The agent distinguished them on provenance grounds — comparing against the rotated previous snapshot through its tools — not on headline size.

Nothing passes
the gate
silently

A verdict is auto-logged only when it is confident and its action is safe. Everything else routes to an append-only human review queue — entries are never deleted, and resolving one records a dated note, so wrong verdicts stay on the record next to their correction.

confidence < 0.8human review — regardless of how sure the model sounds consequential actionupdate_spec and escalate always need a human sign-off unknown / triage_failedstraight to the queue — including when there is no API key at all

Fail-safe by construction: the pipeline never requires the LLM to run, and never silently drops an incident.

It caught a
real one

On the first live run the freshness check flagged euro-area HICP as 189 days stale. Not a bug: Eurostat had genuinely frozen the dataflow after a methodology change. The feed was retired, replaced by the EA21 unemployment series, and every threshold was recalibrated against observed history — all documented in the repo.

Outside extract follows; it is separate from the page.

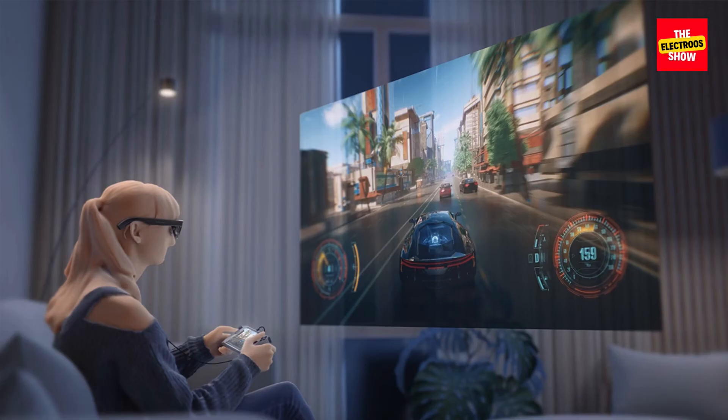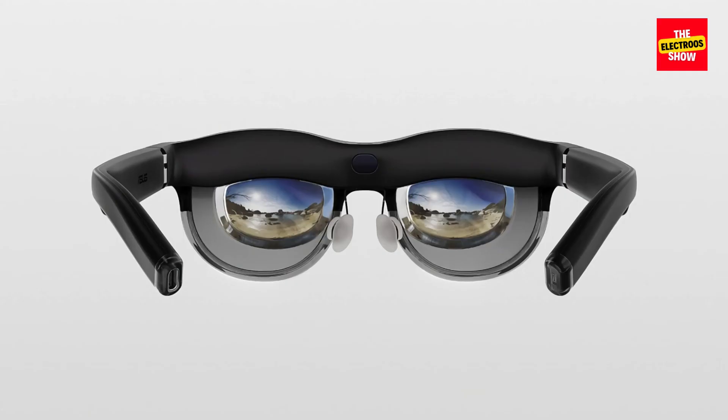Overall, the ASUS Air Vision M1 stands out for its focus on practical multitasking, with its comfortable design, clear displays, and innovative touchpad control. It offers a compelling option for users who crave extra screen space. However, those seeking a fully fledged AR experience might need to look elsewhere.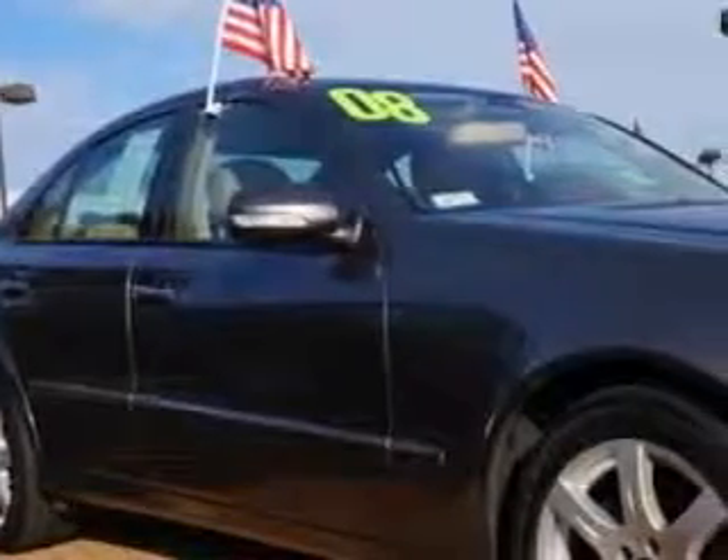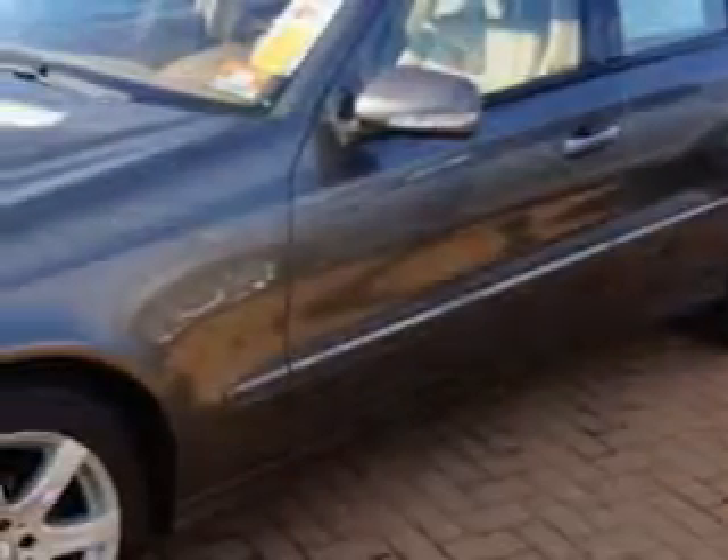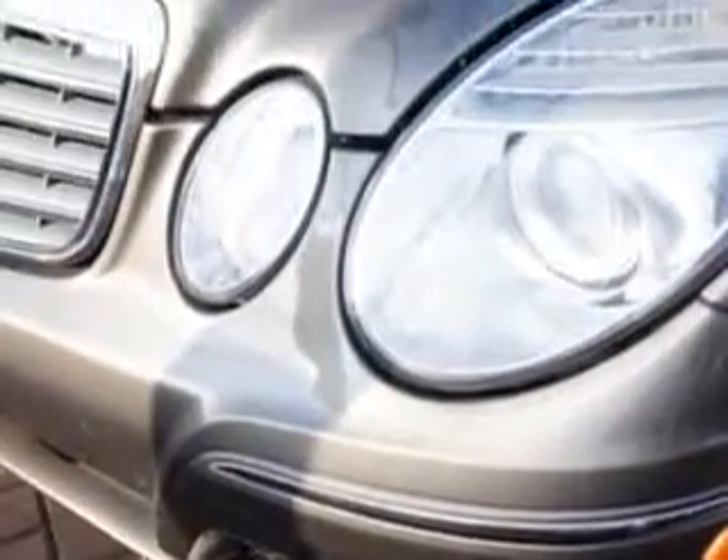Imagine driving this indium grey metallic 2008 Mercedes-Benz E-Class All-Wheel Drive E350 4MATIC, equipped with a 6-cylinder engine and an automatic transmission. Enjoy this great car with features like:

Public endpoints changing and dying is treated as a feature of the demo, not a footnote: the guards exist precisely because “the fetch succeeded” does not mean “the data is fine.”

Seven real
feeds

Deliberately heterogeneous — four formats, four cadences, seven independent public endpoints — so the parsers, payload/schema guards and per-feed thresholds all earn their keep. Every threshold lives in config, not code: a wrong limit is a visible, fixable config change, not a bug.

FeedSourceFormatCadence
EUR/NOK spot rateNorges BankSDMX-CSV (semicolon)business daily
SEK/EUR daily fixingSveriges RiksbankJSON arraybusiness daily
US GDP, current US$World BankJSON (metadata + rows)annual
EA21 unemployment (SA)EurostatSDMX-CSV (comma)monthly
Total public debtUS Treasuryplain CSVbusiness daily
BTC/USD daily priceCoinGeckoJSON (prices array)daily 24/7
USD/EUR reference rateFrankfurter (ECB)JSON (rates object)business daily

Known
limitations,
documented

TUNED

Thresholds are hand-tuned

Calibrated on observed history rather than statistically fitted — a regime change needs a recalibration pass.

GATE

The gate trusts the model’s calibration

A wrong-and-confident verdict would pass it. None did in the showcase — but the limit is stated, not hidden.

POINT

No trend storage

Reports are point-in-time snapshots; only the review queue persists across runs.